Despite this, people often overlook the subject line for order confirmations, largely because this email is expected by buyers. Don’t let that stop you from getting creative.
Take some inspiration from these 5 top-performing confirmation subject lines:
- Thank you for your order
- Your [Brand Name] order confirmation [#12345]
- Order received – [Brand Name] order #12345
- Great news! We’ve got your order #12345
- Your [Brand Name] order has been received [#12345]
The best time to send
An order confirmation email should be sent immediately—especially if you want it to drive additional sales.
Customers want the initial peace of mind that the order has been processed properly, and delays can cause concerns. You’re likely to receive messages from buyers asking for confirmation, adding to your customer service workload. There’s also the risk that the customer feels let down if they don’t get instant confirmation, making them unlikely to shop with you again in the future.
To make the process more efficient, the confirmation email should be automated. This way, the email will always be sent immediately for every purchase, even if you’re asleep at the time. Here’s how the order confirmation workflow looks in Omnisend:
Feature your best sellers
Order confirmation emails have an open rate of around 60%, making them an ideal place to showcase more of your products—especially ones that are related to what your customer has just purchased.
Many ecommerce stores choose to promote their recommended items and top sellers just before their customers’ purchase. This is by no means bad, but not all of the visitors are ready to commit at this stage.
By adding them to the confirmation email, you’re ensuring that willing buyers see them too. Just be sure not to include too many, or you risk overwhelming the customer.
Dollar Shave Club’s order confirmation email is a good example of this. It not only shows related products, but it even has an icon for adding those products to the order before it ships. This makes the process simple and smooth for the customer:
By purchasing from your store, the customer has put a level of trust in you and now you have an opportunity to develop loyalty.
An effective way to do this is with a reward program, and iHerb makes excellent use of its order confirmation email to promote its benefits (you can also see it recommends additional products in its “You may also like” section):
The order confirmation email is also a great opportunity to let your customers know what happens next.
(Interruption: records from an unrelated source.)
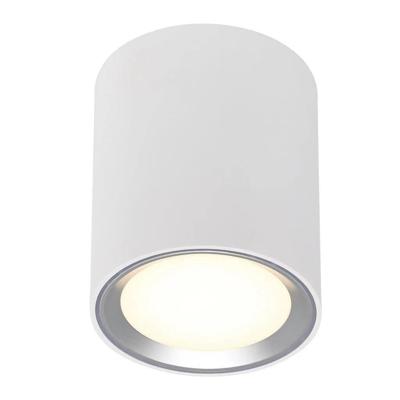 Witte LED opbouwspot Nordlux &apos;Fallon long&apos; 8.5W 500Lm 2700K warm wit 12 cm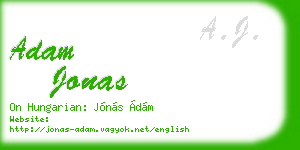 adam jonas business card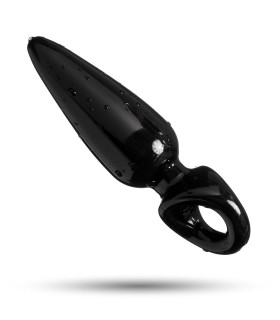 Велика анальна пробка, чорна гель 10 см - No Taboo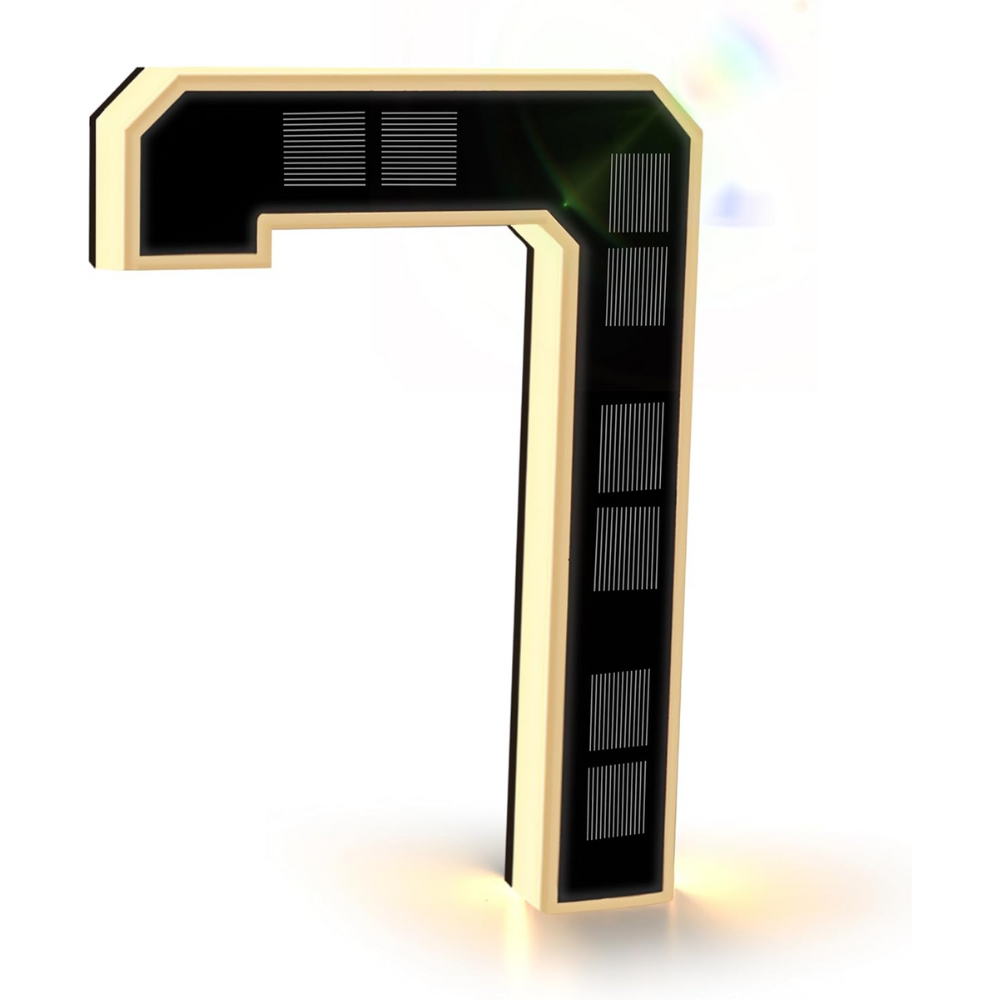 Solar-Illuminated Address Display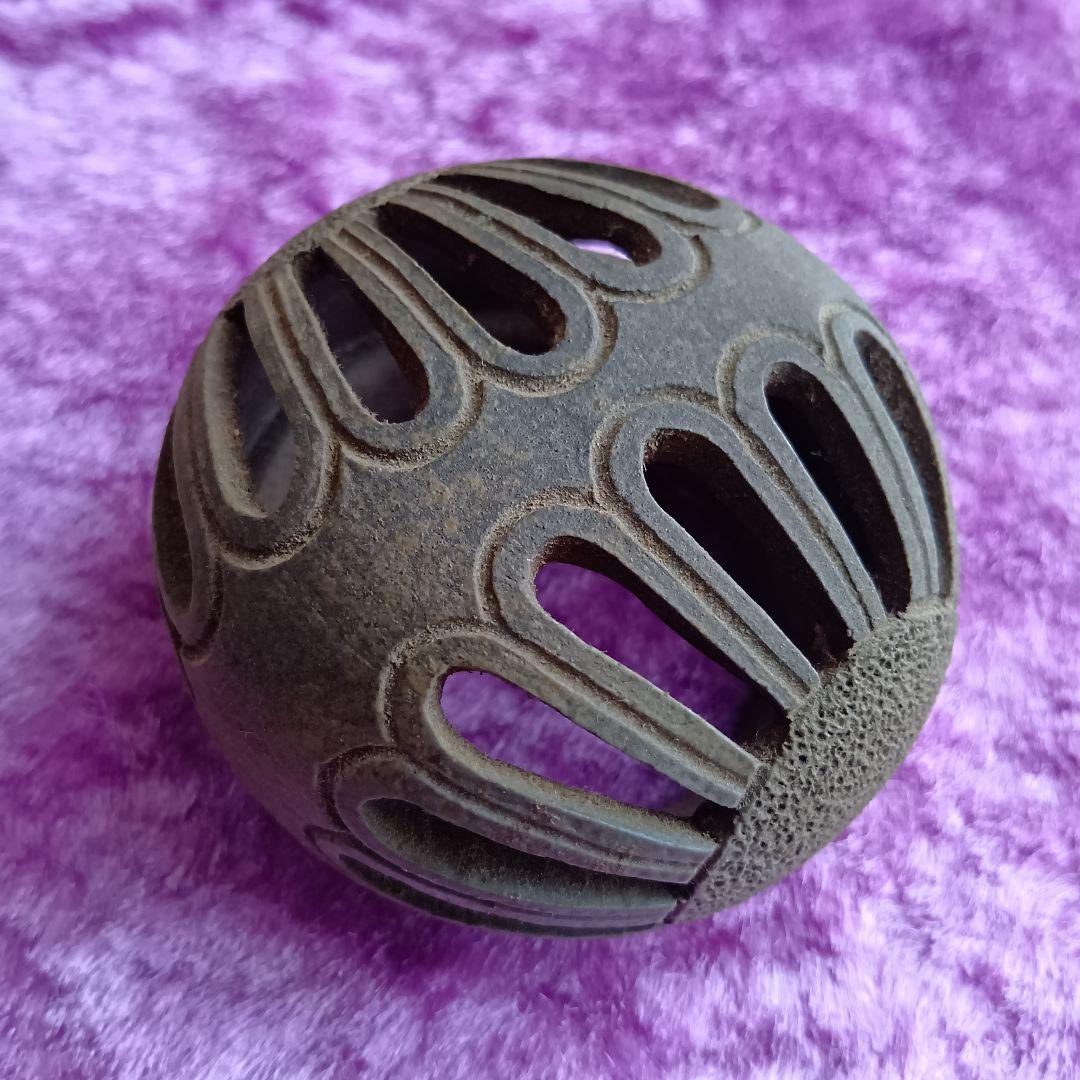 骨董品 備前焼 香炉 左直勝（さじきまさる）陶印 茶道具 透かし香炉 極美品‼️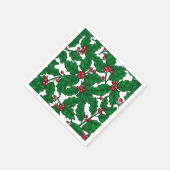 Holly berry op wit servet (Hoek)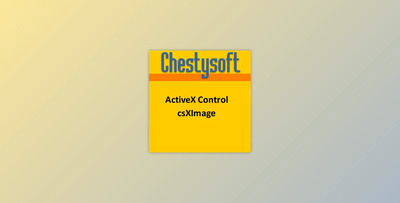 Chestysoft csXImage ActiveX v5.0.9 Image Edit and Twain Control + CRACK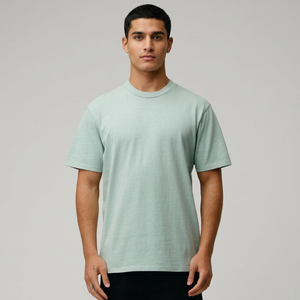 Custom 2025 100% Cotton O-Neck <b>Tshirt</b> for Men <b>Plain</b> Mock Vintage Acid Wash Oversized Tee with Heavyweight Screen Print - Product Image 1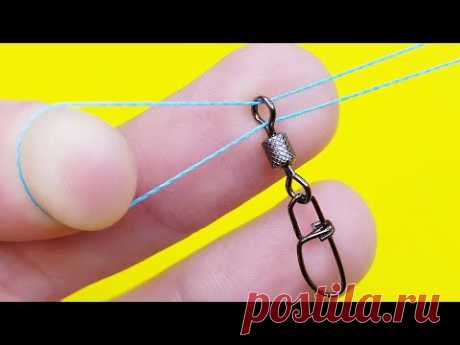 Освойте рыболовный узел за 70 секунд - вы не поверите, что произойдет дальше, этот узел называется improved clinch knot. Рекомендую запомнить данный узел, так как прочность данного узла составляет 98%.
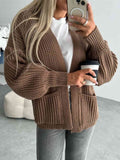 OPEN FRONT CARDIGAN TOP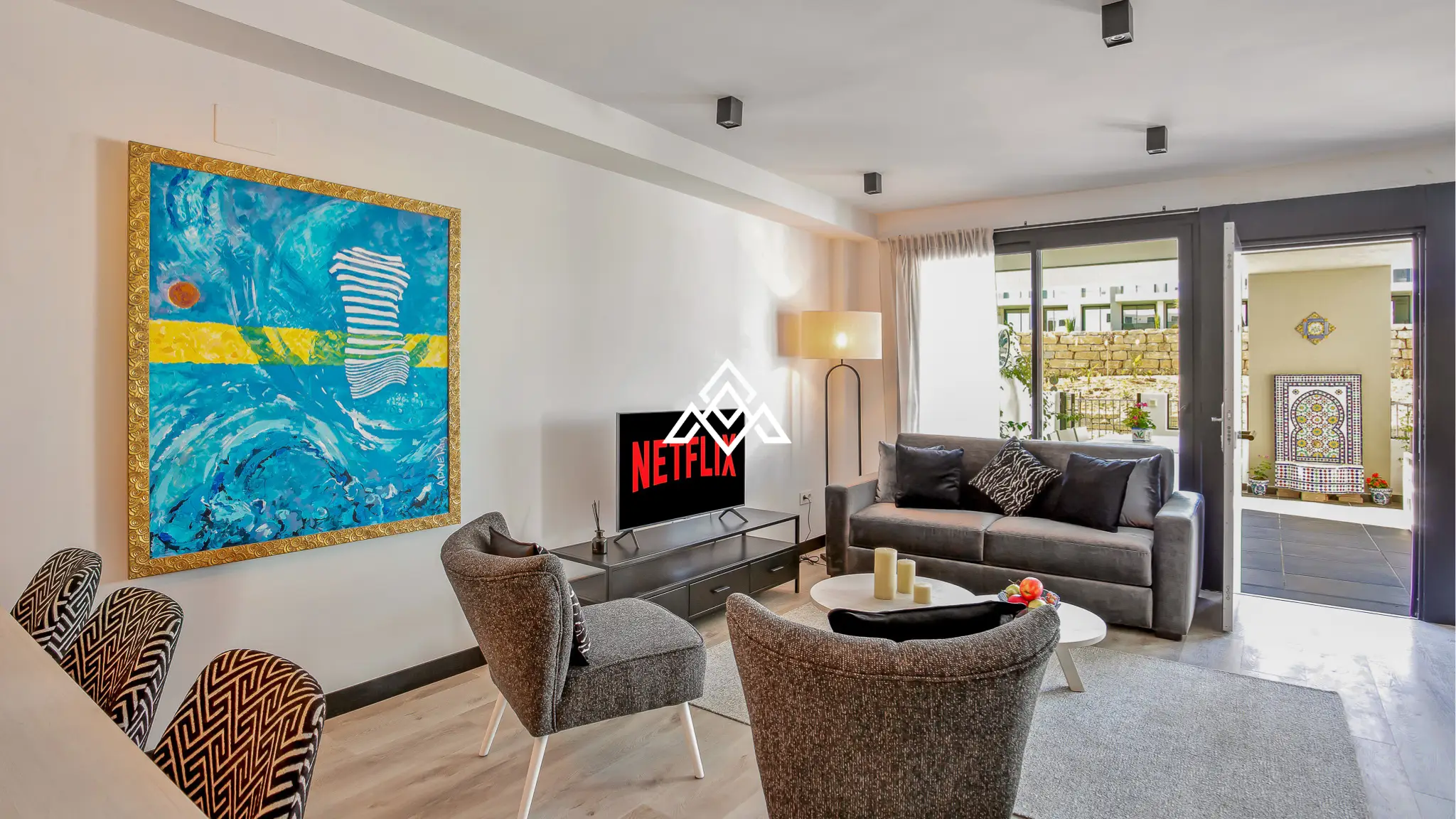 MPA-0134 Hacienda el Sueño Apartment with 29 m² terrace and swimming pool views in Mijas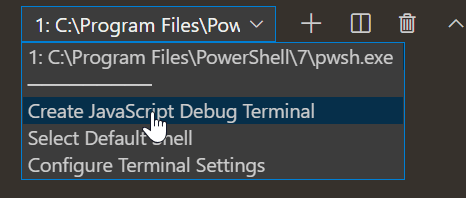 node js windows set debug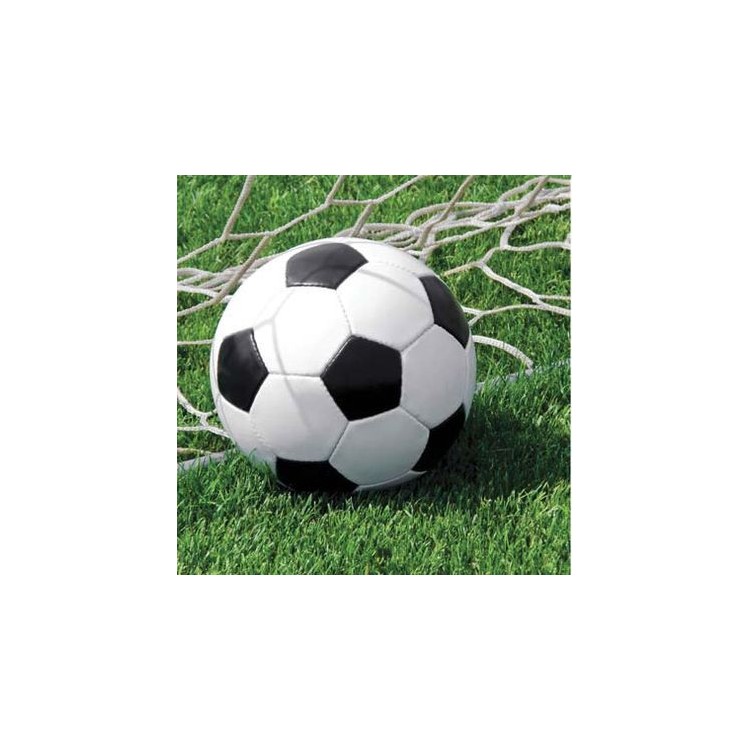 Tovaglioli CALCIO (Nuovo) - 18 pezzi - 32,7 cm x 32,3 cm - 2 veli
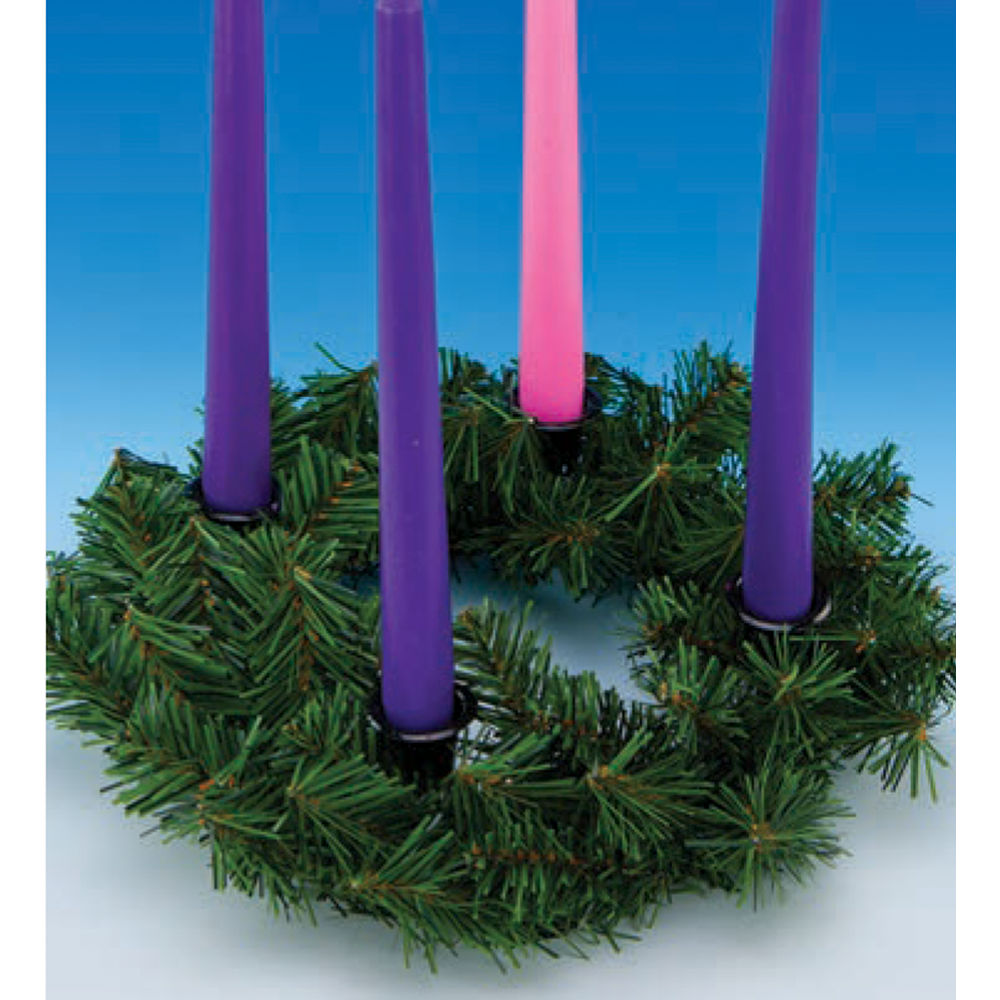11" Traditional Advent Wreath with Foliage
One way to do this is with an order timeline, such as in SportsDirect’s example below.
This sets clear expectations for the buyer, and they know what subsequent stages will occur:
The order confirmation page
In addition to the email, you’ll want to ensure you have an order confirmation page on your website too. Your customers would be automatically directed to this page after payment, giving you the assurance that up to 100% of buyers will see this message.
That percentage gives it an advantage over the order confirmation email’s open rate of 60%, so this is an ideal place to showcase your most popular products, loyalty programs, and the order timeline—exactly like the email examples above.
It can also include additional details such as FAQs and your returns policy. Here’s an example of what this page may look like:
Once your order confirmation email and page are implemented, you should consider adding an automated thank you email and shipping confirmation email to your workflow. These are both excellent at providing a positive experience for your customers, which in turn helps to build long-lasting relationships. After all, research shows that increasing your customer retention rates by just 5% can increase your profits by up to 95%.
You can also send different messages depending on the buyer’s status. For example, first-time customers can receive emails with information relevant to them. In addition, because most of your sales probably come from repeat buyers, it’s worth looking at ways to encourage customers back to your store with post-purchase emails that renew the customer journey.